A ce stade, différentes remarques nous semblent devoir être faites sur la procédure de transaction explicitée par l’Autorité dans son projet de communiqué mis en consultation publique.

Il convient en premier lieu de saluer l’arrivée de la transaction, compte tenu du progrès qu’elle représente par rapport à la procédure de non-contestation des griefs qui présentait comme difficulté majeure la négociation longue et fastidieuse, avec les services d’instruction, d’un pourcentage de réduction d’une sanction dont le nominal était par la suite défini par le Collège. Ce système n’offrait que peu de prévisibilité aux entreprises

Dans la procédure de transaction, la négociation avec les services d’instruction porte directement sur une fourchette de sanction. Si le message est beaucoup plus clair pour les entreprises, la question de la façon dont les plancher et plafond de cette fourchette sont calculés demeure.

Le texte soumis à consultation indique en effet que si les principes de détermination des sanctions pécuniaires dont s’inspire le communiqué du 16 mai 2011 de l’Autorité « peuvent constituer un point de référence pertinent lorsque s’engage la discussion entre le rapporteur général et les entreprises en vue de la signature du procès-verbal de transaction », en revanche, « la méthode de détermination des sanctions décrite dans ce communiqué n’a pas vocation à être mise en œuvre dans la décision du collège ». Cette absence de précision sur le mode de calcul de la sanction constitue un véritable retour en arrière en matière de prévisibilité pour les entreprises.

En outre, la nouvelle procédure, au contraire de la précédente, ne laisse, apparemment, aucune place utile aux engagements que pourraient proposer les entreprises.
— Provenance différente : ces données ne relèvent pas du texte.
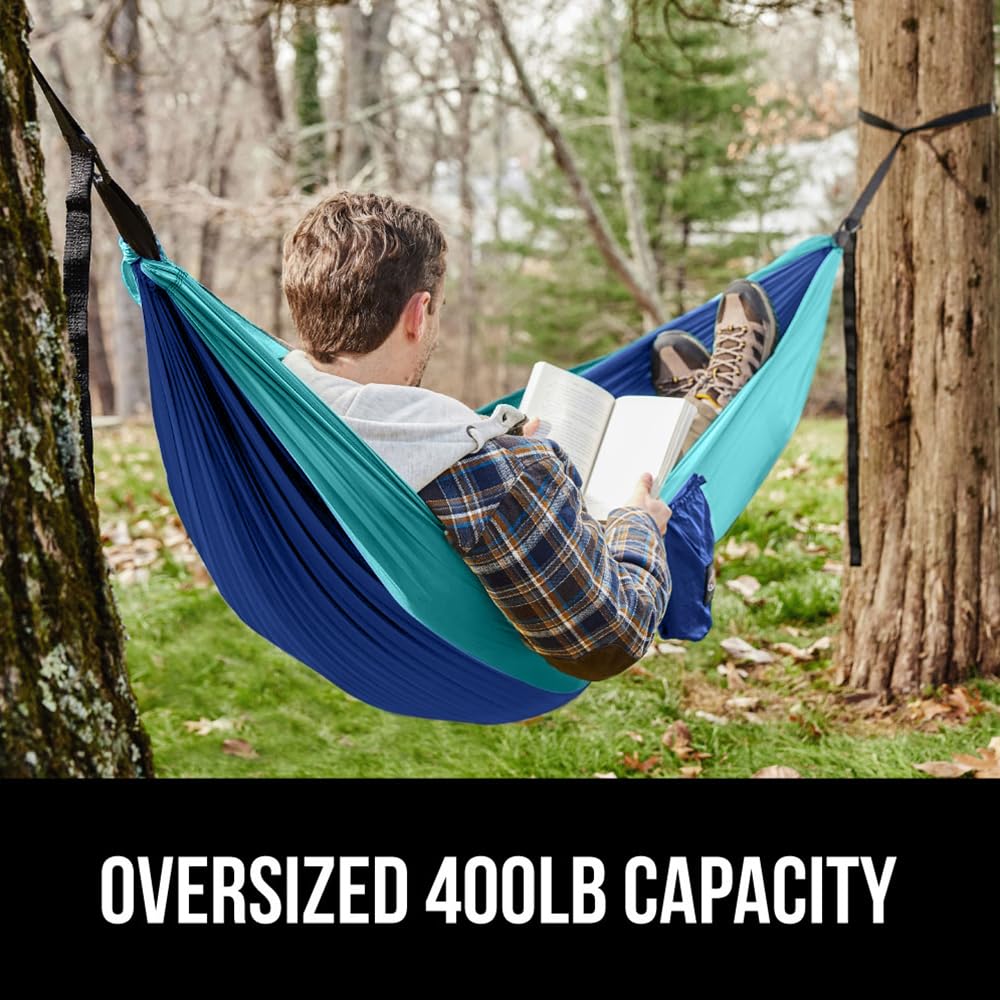 GORILLA GRIP Durable Portable Camping Hammock, Holds 400lbs with Heavy Duty Tree Straps, Comfortable Travel Swing, Camp Hammocks, Easy to Use and Install, Outdoor Essentials, Blue, 9x4.5 FT GORILLA GRIP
Si l’Autorité mentionne bien la possibilité pour les entreprises d’en présenter dans le cadre de la procédure de transaction, elle indique simplement que leur capacité à réduire les risques anticoncurrentiels sera appréciée par le rapporteur général puis par le Collège, sans aucune autre précision sur l’impact de ces engagements sur l’amende qui sera in fine prononcée. Cette discrétion sur les engagements dans le projet de communiqué, lu en parallèle avec le paragraphe 464 de la décision 17-D-20 « revêtements de sols résilients », peut dès lors faire craindre un amenuisement du rôle de régulateur de l’Autorité.

Paradoxalement, en ce qui concerne la procédure d’engagements, l’Autorité a déjà su s’accorder plus de libertés, comme en témoigne le communiqué de presse du 7 mars dernier dans l’affaire John Deere (les entreprises en cause ont proposé des engagements et, de manière tout à fait inédite, le communiqué de presse mentionne que les services d’instruction ont accepté les engagements des entreprises et ont ainsi clos la procédure sans séance devant le Collège).

Au-delà de ces points d’analyse, d’autres éléments ne sont pas précisés dans le communiqué de procédure.

Alors que la procédure de non-contestation des griefs permettait de bénéficier d’un plafond d’amende diminué de moitié (soit 5% du CA mondial HT), la rédaction actuelle de l’article L.464-2 III du Code de commerce ne le précise plus.

Par ailleurs, il semble ressortir des premières négociations avec les services d’instruction de l’Autorité dans le cadre de procédures de transaction, que ceux-ci s’opposent à des procédures hybrides. Cette prise de position de principe nous semble diminuer l’attrait de cette procédure, en particulier lorsque de nombreuses entreprises sont impliquées. Il est facile de comprendre que le caractère hybride de la procédure la rend peu intéressante pour l’Autorité en termes de gestion du temps. Il reste que l’Autorité doit exercer pleinement son rôle de régulateur et l’acceptation de procédures hybrides, avec des engagements potentiellement forts, y participe pleinement.

Il faut espérer que la consultation publique actuellement en cours permettra à l’Autorité de corriger ou de préciser ces éléments.